Le Gouvernement Barnier a engagé sa responsabilité en déclenchant l’article 49.3 de la Constitution dans le cadre du vote du Projet de Loi de Finances de la Sécurité Sociale.
LFI a déposé une motion de censure signée par tous les groupes constituant le Nouveau Front Populaire. Le RN a également déposé une motion de censure signée par ses seuls députés. Elle sera examinée seulement si celle de la gauche est préalablement rejetée.
Comme le RN a annoncé qu’il voterait en faveur de la motion déposée par LFI, le gouvernement Barnier a de fortes chances d’être renversé.
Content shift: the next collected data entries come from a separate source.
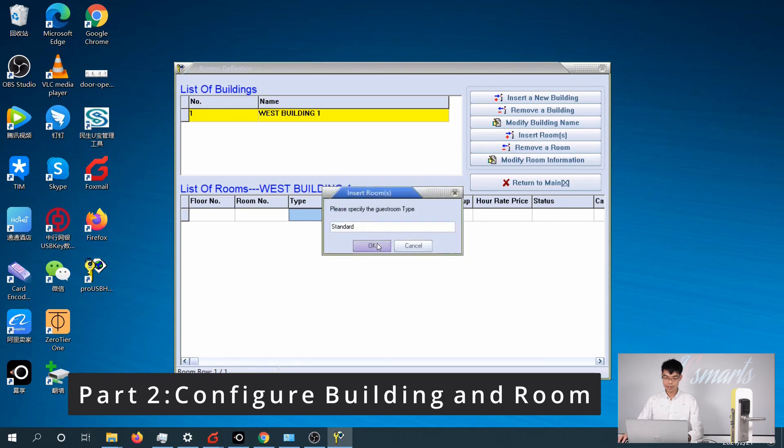Room type is standard, and the rates you can set according to your hotel rates.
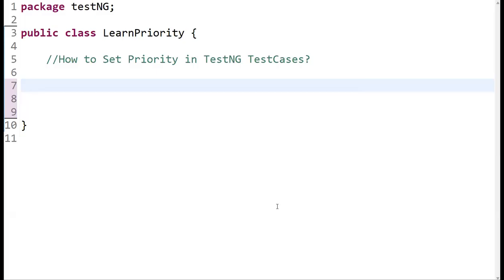Hi guys, welcome back. In this video we are going to discuss how to set a priority in TestNG test cases. TestNG allows you to set priorities for test cases because it controls the order in which they are executed. By default, TestNG uses the alphabetical order of the method name for test execution.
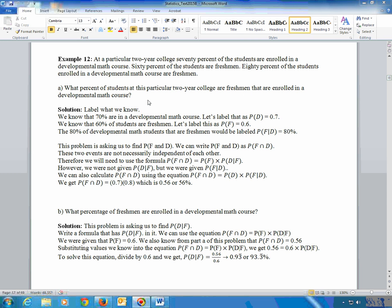We've got two variables going on here: freshmen and whether they're in a developmental math course. So let's label what we know. We were given that 70% are in the developmental math course, so P(D) = 70%. We were also told that 60% of the students are freshmen, so P(F) = 60%. Now this bit — that 80% of the students enrolled in a developmental math course are freshmen — is a conditional probability: the probability of freshmen given they were developmental math students, out of those developmental students.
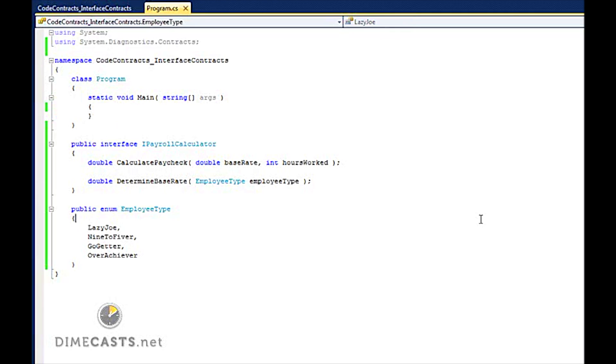So to understand how to utilize the interface contracts portion of the contracts library, let's take a look at a very simple example.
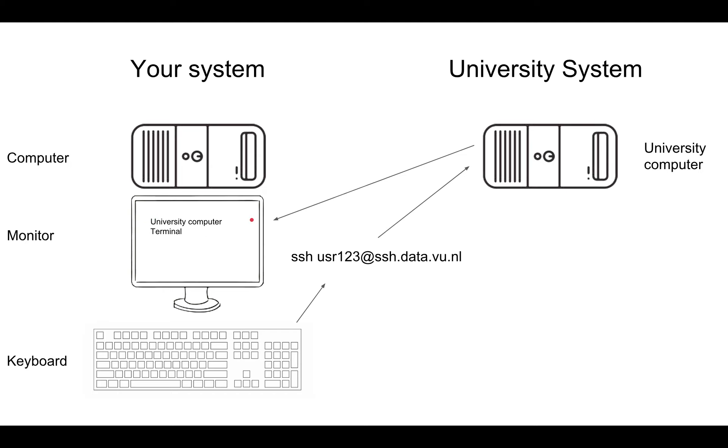You're going to be seeing in your monitor what's happening in the university computer, but you're working from here. This computer here is doing nothing. It's not doing anything in the terminal.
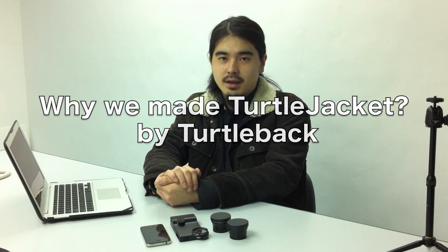Hi, today I'd like to explain to you about our product, the Turtle Jacket, and the philosophy behind it.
Avec Élodie Roux de Bézieux de Syntagme et moi-même de Dissensus nous vous apportons des éléments de réponse à ces trois questions :
1- Quelles conséquences pour le budget de la France ?
2- Quelles conséquences pour les dispositions contenues dans le projet de loi de Finance 2025 ?
3- Quelles conséquences sur les propositions de loi et les projets de loi en cours de discussion à l'Assemblée nationale et au Sénat ?
1 - Quelles conséquences pour le budget de la France ?
En cas de vote en faveur de la motion de censure, le budget de la Sécurité Sociale (PLFSS) est réputé rejeté et les travaux parlementaires en séance publique s’arrêtent (sauf les travaux des commissions).Concernant le projet de loi de Finances pour 2025 (PLF), la France ne pourra donc pas non plus continuer son examen. Si bien que la loi de Finances ne pourra donc pas être promulguée dans les temps (avant le 1er janvier).
Il existe néanmoins une solution qui évite tout « shutdown » à l’américaine. L’article 45 de la Loi Organique relative aux Lois de Finances permet au Gouvernement de déposer un projet de loi de finances spéciale l’autorisant à percevoir les impôts jusqu’à l’adoption d’une loi de finances (selon les barèmes en vigueur dans la loi de finances de l'année passée) et à répartir les crédits correspondants à l'exercice antérieur. Autrement dit s’appliquerait le budget 2024 en 2025.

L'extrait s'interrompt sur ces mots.